Halep had her chance with those five break points over those two games, and it seemed later that the favor of the tennis gods swung the other way after that. At 3-3 in the third, with Halep serving at 30-40, Ostapenko hit a backhand down the line that was going to land a couple of feet out–but instead it clipped the net cord, bounced straight up, and landed just inches inside Halep’s side of the court. Ostapenko threw her hands up in apology, but we don’t have to apologize when the gods smile down on us. Perhaps Halep knew then that it wasn’t to be her day.

The last point of the match came with Halep serving into the ad court. Ostapenko stepped up to the ball, for the however-manyth time that day, and blasted a backhand down the line. Halep never had a chance at it, and 20-year-old Jelena Ostapenko won the French Open.

Let’s hope Ostapenko keeps it up. I hope there’s no hangover going into Wimbledon. I want to see her do the same thing there.

Novak, Adrift

Besides La Décima, of everything else that happened during the French Open, it was Novak Djokovic all but sprinting scared from the court during and after his third set against Dominic Thiem that my mind keeps coming back to.

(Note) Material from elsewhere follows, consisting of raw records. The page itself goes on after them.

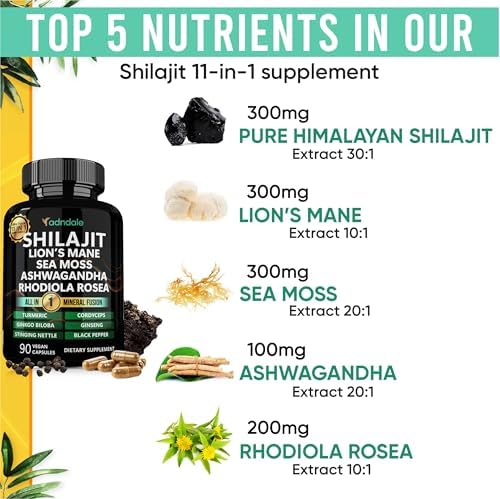 Adndale Shilajit para Hombres y Mujeres. Cápsulas Orgánicas de Shilajit del Himalaya con Musgo Marino, Ashwagandha, Rhodiola Rosea y Melena de León. - imagen 2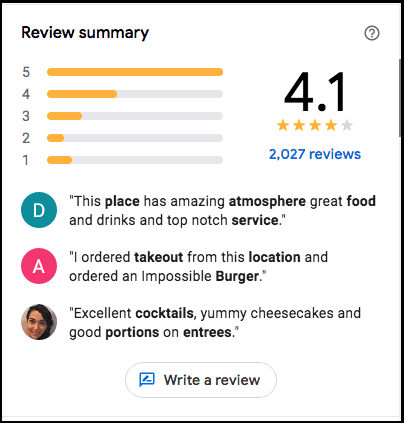 Google Review summary example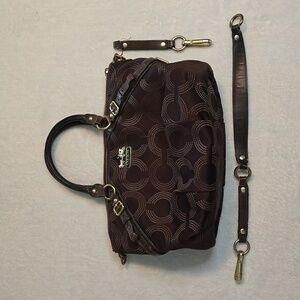 Coach Brown Cream C Pattern Handbag Purse Bag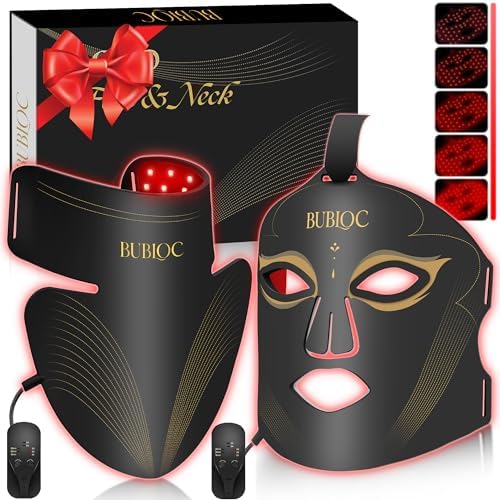 Red Light Therapy Mask Set, Five-Level Brightness Adjustment for Face and Neck, 630nm Infrared Light + 850nm Near-Infrared LED Therapy Phototherapy, Portable Mask with Power Storage, Black by Onisdin
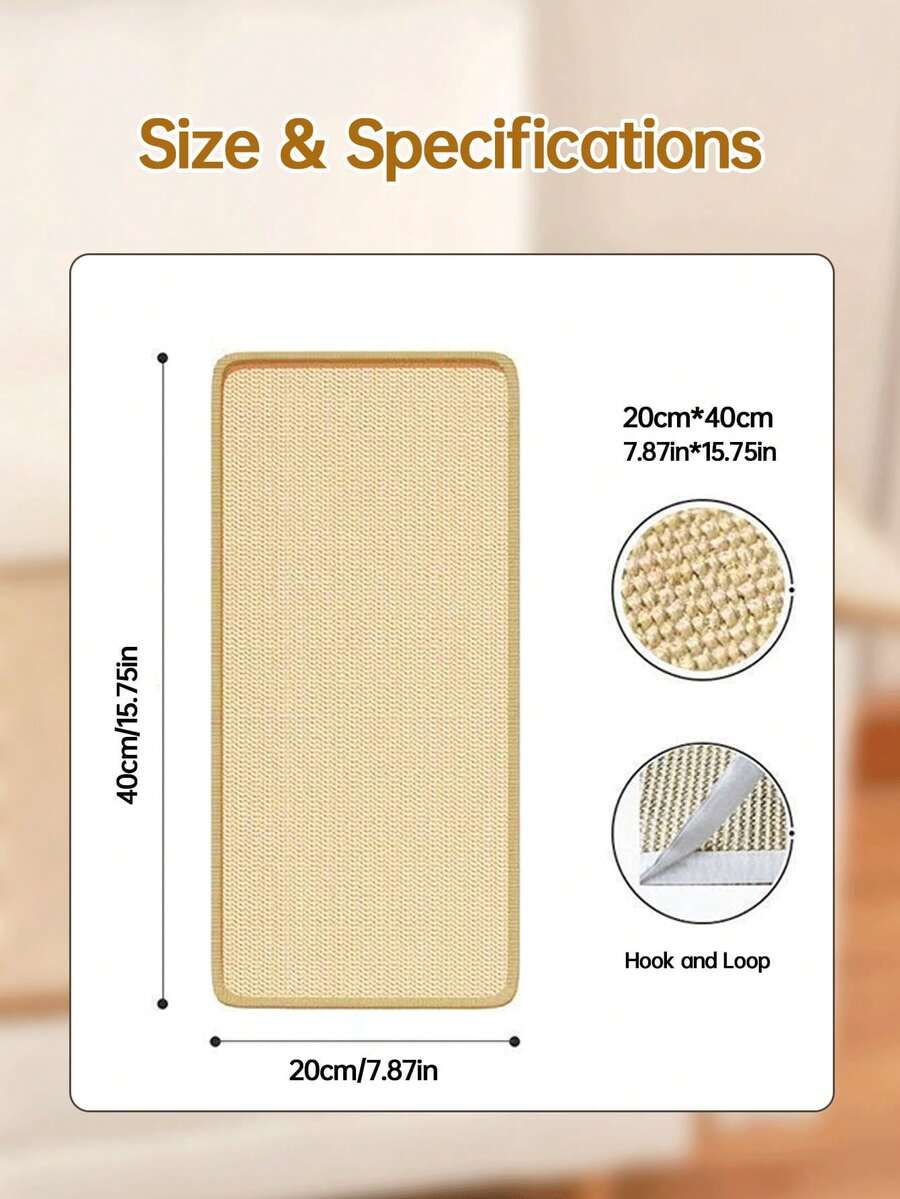 Multicolor sisal cat scratcher mat and scratch-resistant pad designed for cats to protect wall and couch furniture.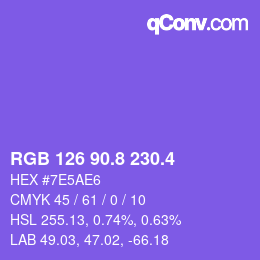 カラーコード: RGB 126 90.8 230.4 | qconv.com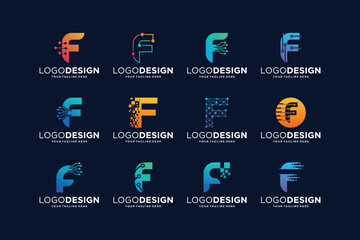 Collection of letter F logo design with digital connection concept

To think that a year ago, he looked absolutely invincible. Now, he floats along in a tiny lifeboat in the middle of a wide, wide ocean, and lacks any obvious means of propulsion.

I was going through old recordings on the DVR, and I happened to find the last fifteen minutes of the final of last year’s U.S. Open. The narrative of the Open going into that match was, “See, this summer was just a blip. Novak is back in the final.” But I believe strongly now that his erstwhile success there hid just how big the problem he was facing really was. It took him four sets to get out of his first round match against Jerzy Janowicz, the kind of player he was beating six months earlier in a fashion that looked more like a workout on the practice court than an actual competitive match. He got a walkover in the next round, then his opponent retired just six games in in the third. Yes, in the fourth, he dispatched Kyle Edmund in three easy sets. In the quarters, he got up two sets to none against Jo-Wilfred Tsonga before Tsonga retired. He looked shaky in beating Gael Monfils in four sets, Gael Monfils who played a strange, almost disrespectful match, appearing to want to annoy Novak more than actually play against him. Monfils admitted afterward that he simply didn’t believe that he could actually beat Novak Djokovic, which I promise you guaranteed that he couldn’t. But all of that was forgotten as Djokovic made the final. He made the final! Novak is back!

He won the first set in that final in a tiebreak, but he lost the second and third and, at the point where my recording started, was down a break in the fourth. Over the course of the match, he’d been pretty much comprehensively outplayed by Stan Wawrinka. During one of his final return game, the camera caught him wearing a look on his face just like we saw last week against Dominic Thiem. It was not just that he was losing, and he didn’t like to lose. He looked, instead, like a man utterly lost. Like the question he was asking himself wasn’t, “Why can’t I win today?” but instead, “Who is this person in what used to be my body?”